** Opening EXCERPTED RECORDS block **

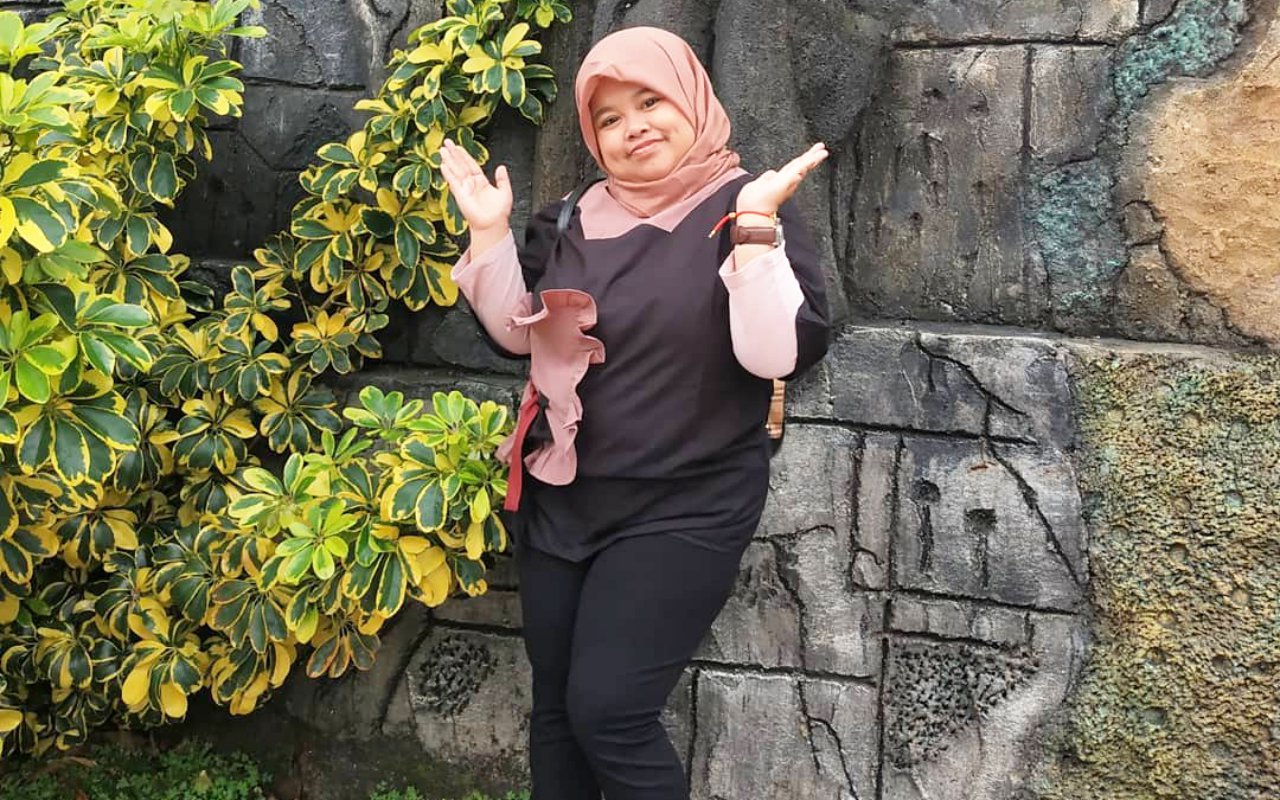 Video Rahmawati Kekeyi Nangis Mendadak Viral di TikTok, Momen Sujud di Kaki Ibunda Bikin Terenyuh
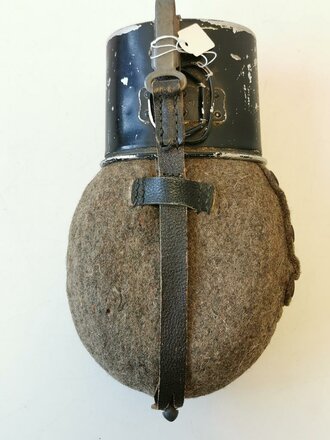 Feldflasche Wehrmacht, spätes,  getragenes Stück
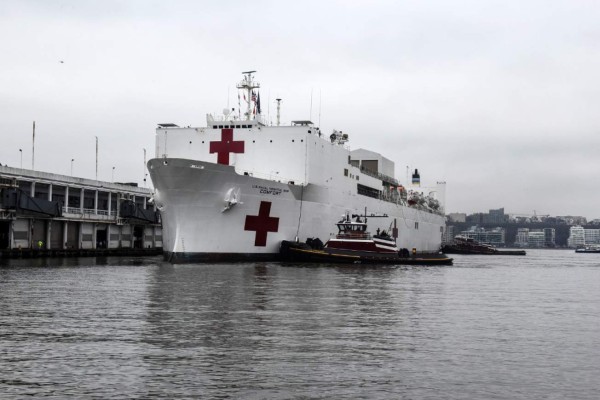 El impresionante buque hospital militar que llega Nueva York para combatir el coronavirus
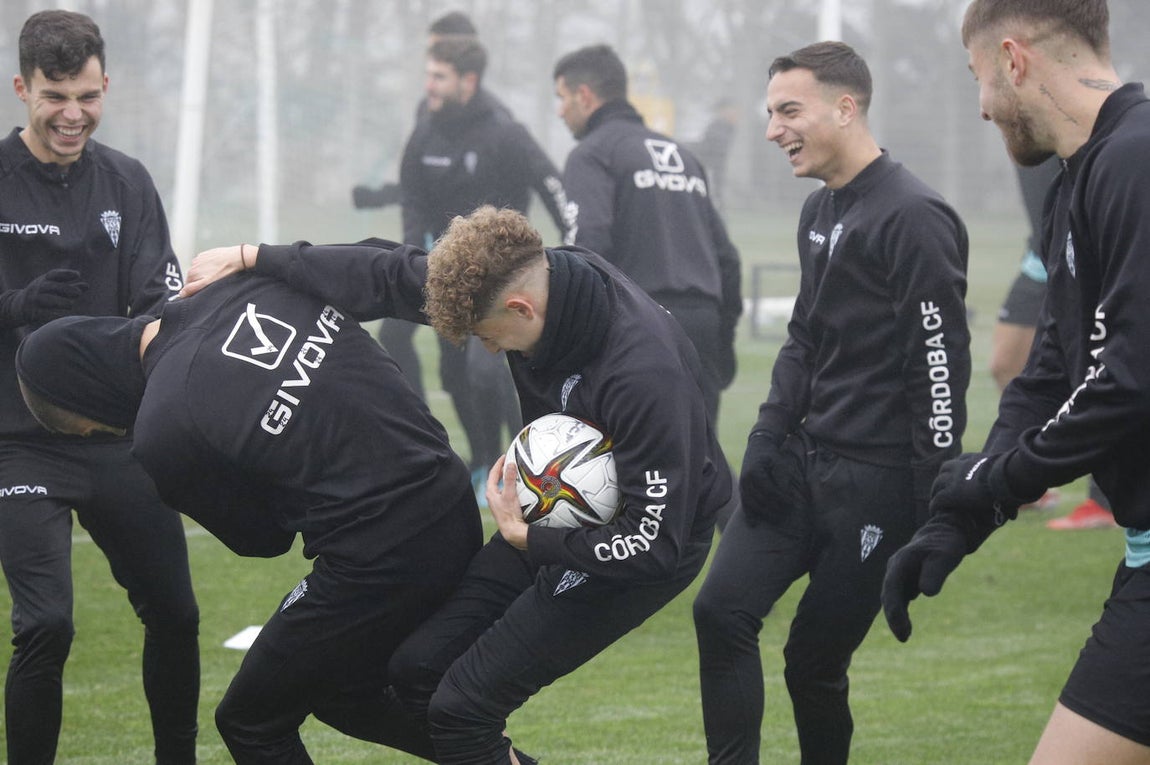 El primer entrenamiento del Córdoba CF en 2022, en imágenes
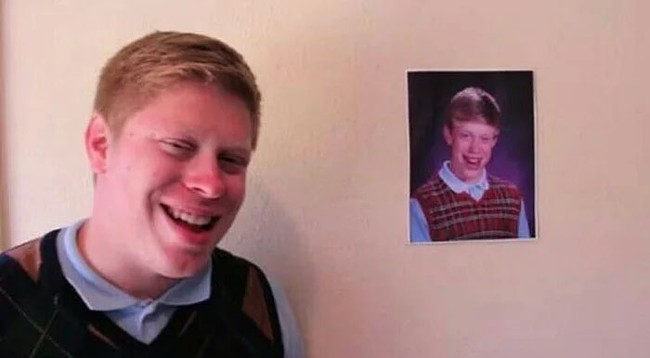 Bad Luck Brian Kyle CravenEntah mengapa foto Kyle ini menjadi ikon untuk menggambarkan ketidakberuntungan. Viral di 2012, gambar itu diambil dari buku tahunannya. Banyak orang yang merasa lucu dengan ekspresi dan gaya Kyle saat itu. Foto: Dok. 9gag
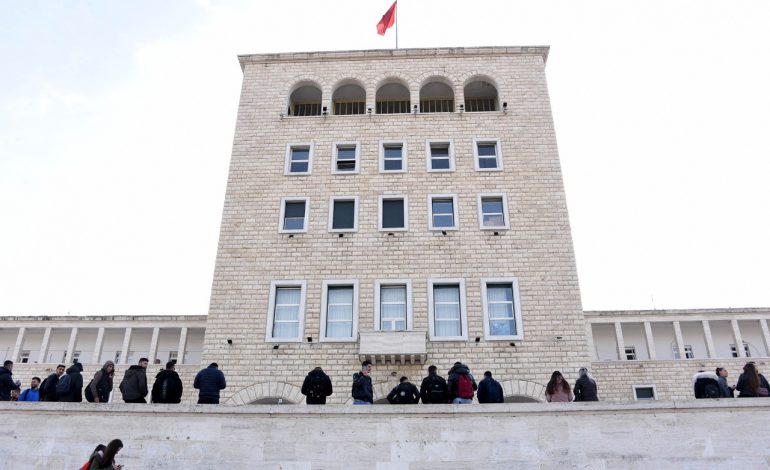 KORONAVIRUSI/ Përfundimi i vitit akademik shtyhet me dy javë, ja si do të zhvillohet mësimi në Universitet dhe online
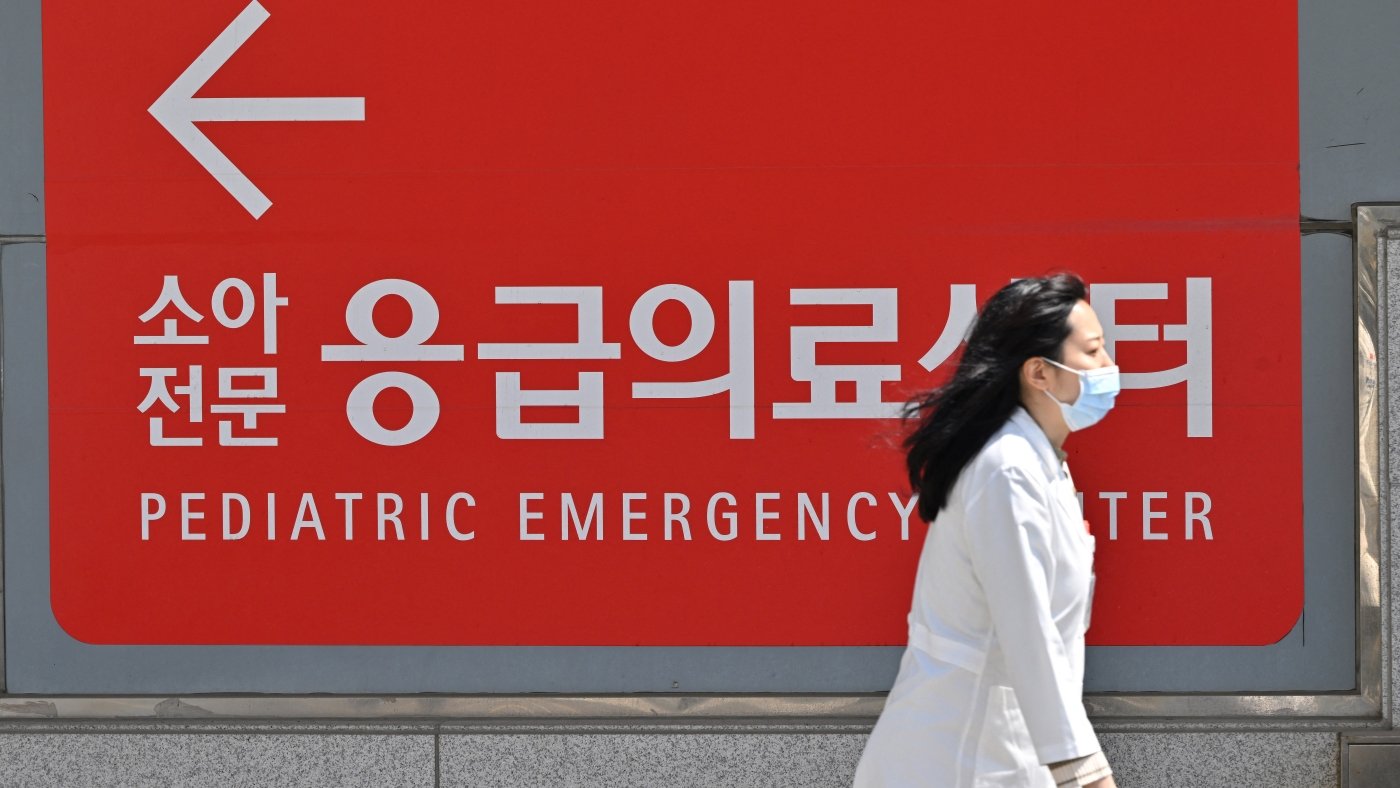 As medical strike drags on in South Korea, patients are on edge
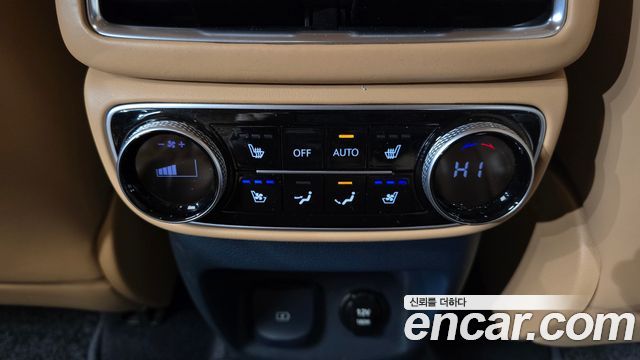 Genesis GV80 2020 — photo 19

** Closing EXCERPTED RECORDS block **

» **EXERCISE INSTRUCTIONS**
Leave out all pictures and extract exactly the lines from the line with "El primer entrenamiento" through the end of the material.

» **FINISHED TASK**
 El primer entrenamiento del Córdoba CF en 2022, en imágenes
 Bad Luck Brian Kyle CravenEntah mengapa foto Kyle ini menjadi ikon untuk menggambarkan ketidakberuntungan. Viral di 2012, gambar itu diambil dari buku tahunannya. Banyak orang yang merasa lucu dengan ekspresi dan gaya Kyle saat itu. Foto: Dok. 9gag
 KORONAVIRUSI/ Përfundimi i vitit akademik shtyhet me dy javë, ja si do të zhvillohet mësimi në Universitet dhe online
 As medical strike drags on in South Korea, patients are on edge
 Genesis GV80 2020 — photo 19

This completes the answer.